Vincent : Quelques semaines après, je suis approché. [On me demande : ] « Si quelqu’un risque la peine de mort dans un pays, est-ce que c’est vrai que la France ne peut pas l’extrader ? » Je dis oui. « Et si on vous [le] remettait, est-ce que vous seriez capables d’accueillir Oussama Ben Laden ? » Je ne sais pas si ce sont les Taliban tout seuls qui y ont pensé, ou s’ils ont été aidés par des tuteurs locaux ou régionaux, mais toujours est-il que par deux canaux différents, religieux et plus organisationnel, on me pose cette question. J’ai appris à être attentif et passif : je ne peux pas donner de réponse à ce type de question. Je me retourne vers mes autorités, je les appelle par téléphone crypté et ils me disent : « Ne bougez pas, on vous rappelle. » Bon, j’attends, très longtemps… Ça a dû ennuyer mes autorités hiérarchiques…
JCN : Parce que c’était un cadeau empoisonné ?
Vincent : Bien sûr ! Vous imaginez accueillir Oussama en France ? Vous imaginez ce qui peut se passer avec la communauté afghane, musulmane ? Tout devient possible, y compris le pire. Mais, quand on ne peut pas accueillir une personne dans un pays, on peut l’accueillir dans un pays ami…
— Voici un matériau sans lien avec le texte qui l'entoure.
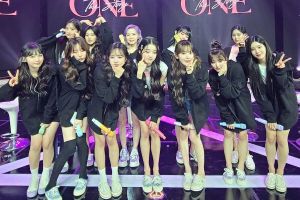 IZ * ONE exprime sa gratitude aux fans lors de leur dernier concert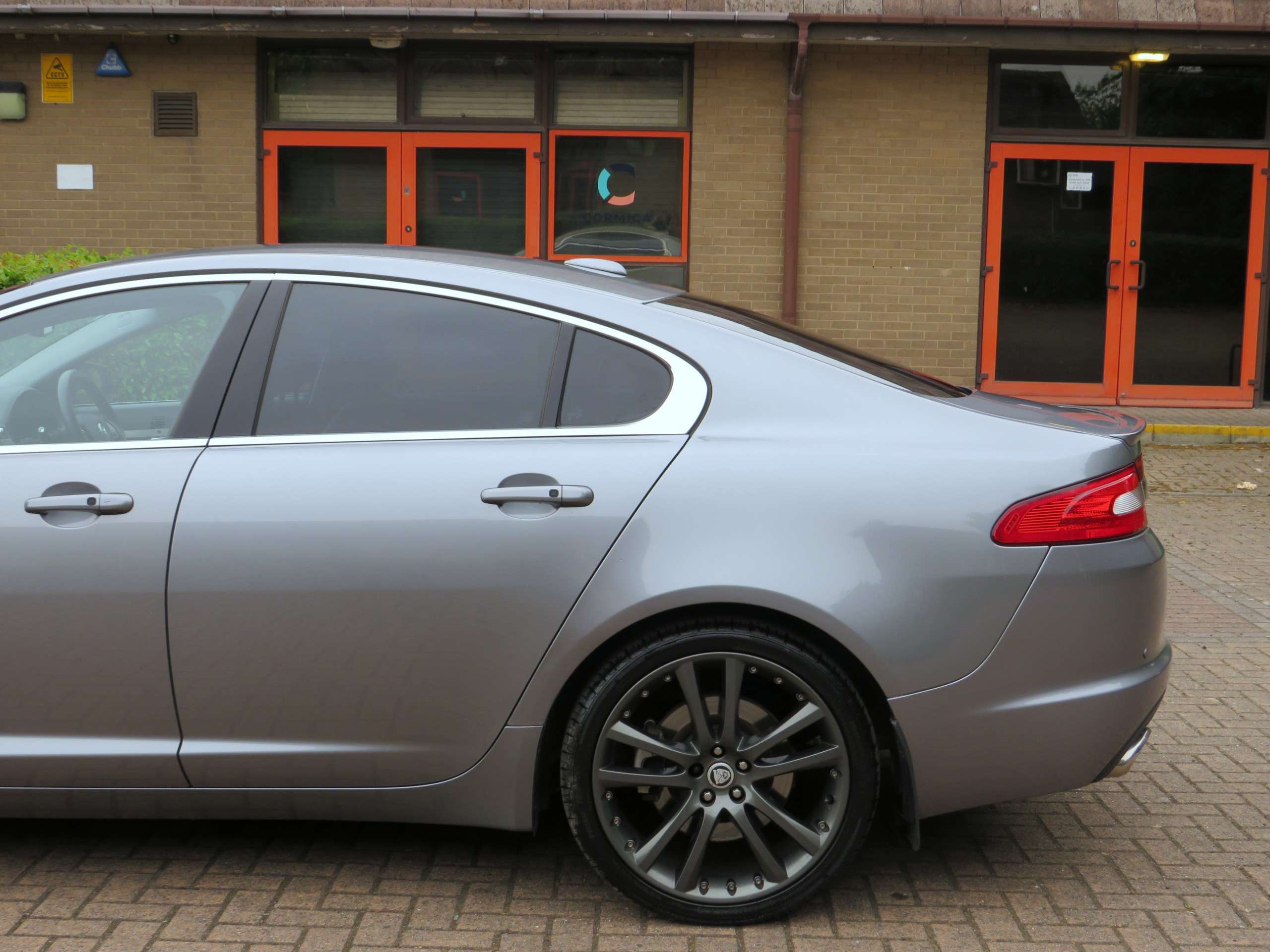 2009 JAGUAR XF 2009 JAGUAR XF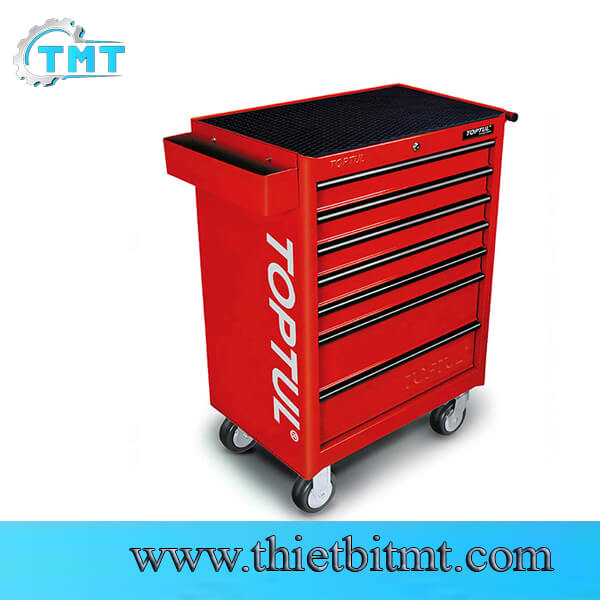 Tủ đồ nghề sửa chữa 7 ngăn 280pcs Toptul GV-28006 1 Tủ đồ nghề sửa chữa 7 ngăn 280pcs Toptul GV-28006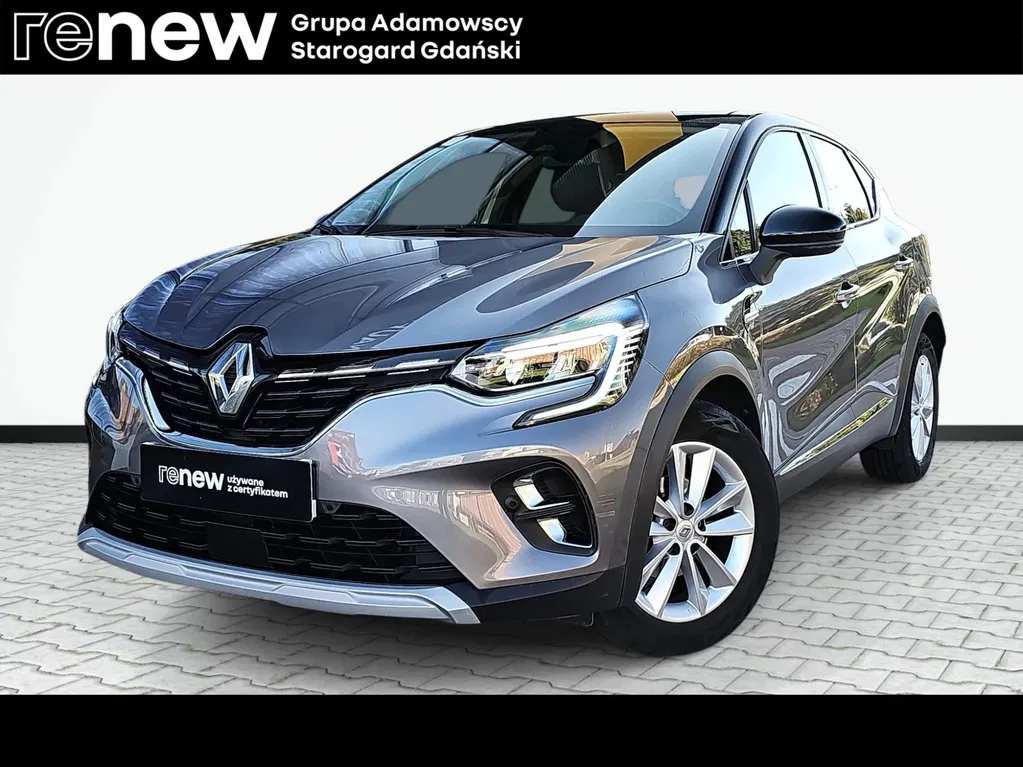 Zdjęcie: 2021 Renault Captur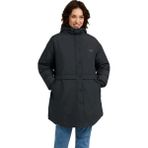 Jack Wolfskin Altay Kadın Siyah Outdoor Ceketi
JCN : Donc vous n’avez jamais reçu de réponse de votre hiérarchie avant le début des frappes américaines en Afghanistan ?
Vincent : Tout à fait, et après ce n’était plus possible. Je pense que c’était une étude théorique plus qu’autre chose, une alternative proposée par des décideurs autour de Mollah Omar : « On va le dégager dans de bonnes conditions, il ne sera pas tué »…
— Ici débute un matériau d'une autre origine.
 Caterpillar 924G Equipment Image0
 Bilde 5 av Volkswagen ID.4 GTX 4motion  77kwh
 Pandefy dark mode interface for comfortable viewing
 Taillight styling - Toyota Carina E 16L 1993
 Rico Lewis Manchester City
JCN : Au nord de l’Afghanistan, c’est un autre genre d’informations, mais tout aussi stratégiques, que François se voit offrir par les troupes de Massoud, le plan de frappes aériennes mis sur pied par l’état-major américain.
François : Ce que les autres vont payer, ou financer, nous allons l’avoir par idéologie. C’est le fruit de la politique d’investissement et le résultat des vingt ans de coopération entre nous et le clan Massoud. La délégation américaine arrive sur zone, et je vais récupérer la totalité des informations que les Afghans vont [lui] donner, à huit heures d’intervalle. C’est-à-dire qu’une journée après le passage de la délégation, je vais envoyer à Paris les cent dix cibles qui vont être frappées à partir du 7 octobre 2001. Ça va être pour moi un long travail. C’est qu’ils vont me livrer les cartes, mais des cartes russes, avec des coordonnées qui ne sont pas [celles du] système français. Il va falloir positionner sur ces cartes la situation exacte des cibles, redonner les véritables coordonnées des cartes militaires en vigueur au service, les rentrer sur l’ordinateur, les chiffrer et les envoyer en temps réel à Paris. Tout ça, au fin fond de la vallée du Panshir, et dans une petite maison sans électricité. Il va falloir pédaler pendant trente-six heures pour recharger les batteries qui me permettront d’envoyer la totalité des messages avec les bugs informatiques que l’on peut envisager. Mais, bien que les Américains ne nous aient pas communiqué le plan des frappes, le 7 octobre, lorsque les Américains bombardent, on a tout.